A commitment to excellence
We strive for excellence in all areas of our work. Our holistic approach to asset building for low-income families draws on leading research, intensive data-collection, analysis and evaluation, and iteration on our programs to get at what really works. We have developed a reputation for focused, disciplined execution.
A first-in-kind program
Like many other asset-development organizations, BFFCO got started by providing supportive services and career coaching. In 2007, we identified a HUD funded federal program as a broad, scalable market to which we could apply our core competencies, and became the first nonprofit organization in the country to design and implement an asset-building, public-private partnership plan.
A relentless focus on savings and home ownership
BFFCO providing adequate affordable housing for families, while delivering programs that empower families to build savings and asset building capabilities as a pathway out of poverty. This clear and concise focus allows us to iterate and expand on what really works and drive at the best possible approach to the problems we seek to address.
All of our programs combine four main elements:
We seek distressed properties that are in established areas and then renovate the property into a energy efficient home. Our renovation projects offer hands on training to individuals looking to get into an apprentice program with one of our Union Partners. Our renovation projects also raise awareness of the increased importance of green building practices. We are not just rebuilding we are investing in property and human capital simultaneously.
Our staff works closely with the participant and other members of their household to complete an extensive 19 domain assessments to see what we need to do to help you move forward. With the participant’s assessment pointing the way, their Service Coordinator will work with them to create a service plan that lays out the short-, medium- and long-term goals and objectives necessary for achieving self-sufficiency.
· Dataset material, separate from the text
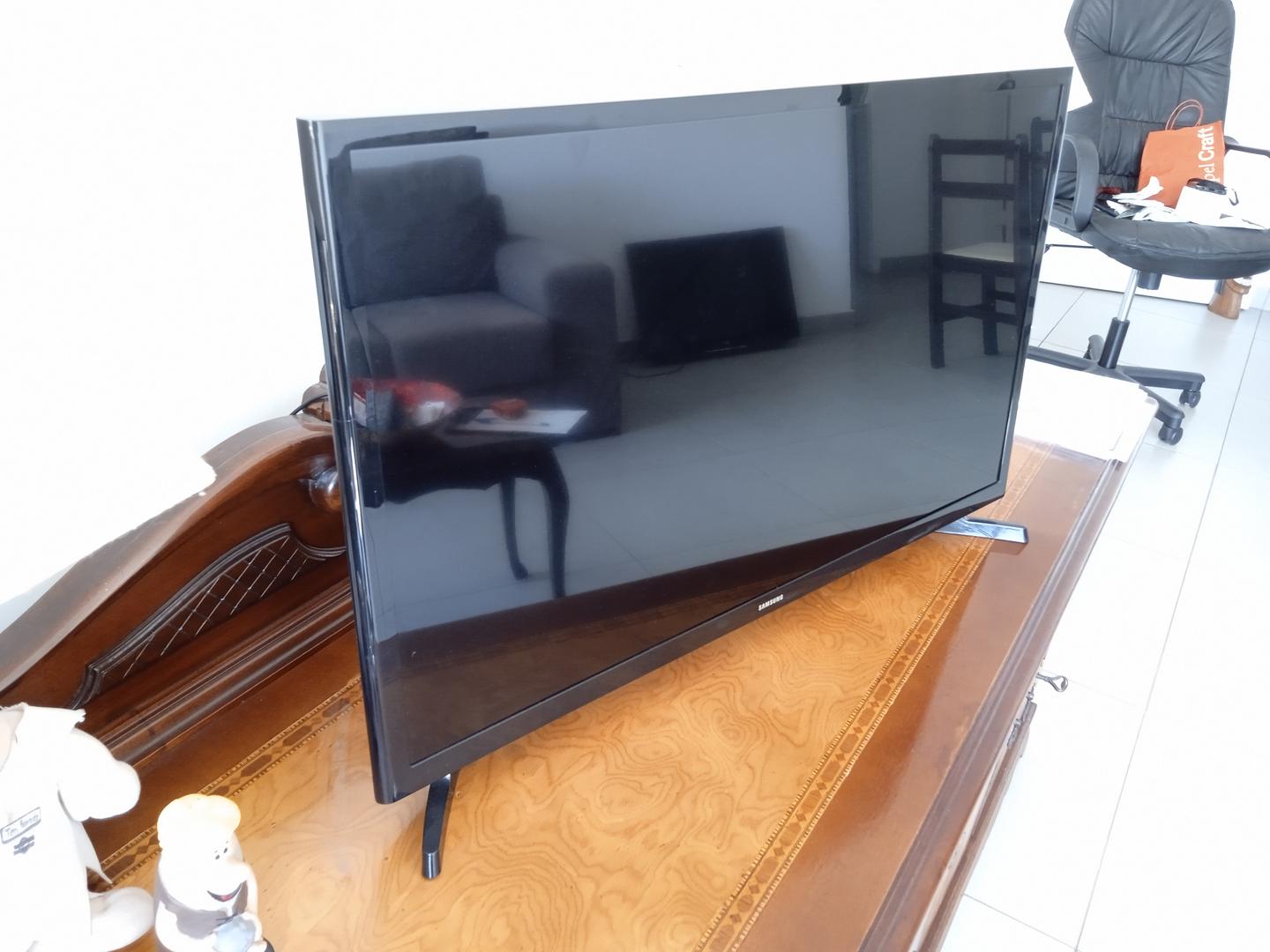 Smart TV / Televisão de 32" LED HD Samsung HG32NE595JG Bivolt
Through a unique approach to financial coaching, BFFCO works with families to break down their goals into measurable and achievable steps. The real, day-to-day, and at times frustrating work of budgeting, saving, managing debt, and building credit happens here. There are no shortcuts in this process. Small steps, such as paying down a single credit card, as well as larger steps, such as securing a second job to boost family income, are all key inputs into a successful plan.
Asset Building incentive
Our programs draw on research in the field of behavioral economics by including an incentive designed to help families build savings toward their financial goals. The type of incentive offered varies by program. Families can use these savings to achieve their goals, such as buying a home, saving for their children’s education, completing a job training or college program, or starting a business.
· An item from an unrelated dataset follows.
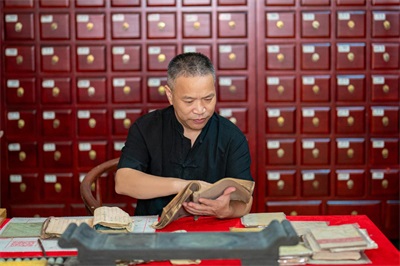 探寻余门医派中医老字号土将军膏药穴位敷贴技术百年传承的历史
By supporting the efforts of BFFCO, local business, corporations, and organizations connect with the community whose support is critical to their success,
• Gain greater access to targeted populations.
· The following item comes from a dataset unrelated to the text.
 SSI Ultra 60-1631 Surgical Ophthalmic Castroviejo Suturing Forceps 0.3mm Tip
• Improve the economic health and vitality of the community.
• Help train a potential labor force with skills that meet the evolving needs of area employers.
• Strengthen community relations and meet their philanthropic commitments.
• Increase awareness of their organizations within the community.
There are so many families in Michigan and across the country who have hopes and dreams for the future -- whether that be to own a home, to invest in their own education or that of a child, to save for retirement, to start a small business, or another goal. While our subsidized housing system provides a crucial safety net for many families, there is more we can do to leverage this assistance as a platform for economic mobility. For many families in the subsidized housing and welfare systems, rules actually discourage and penalize savings, creating traps that make it more difficult for families to reach these goals and lift themselves out of poverty.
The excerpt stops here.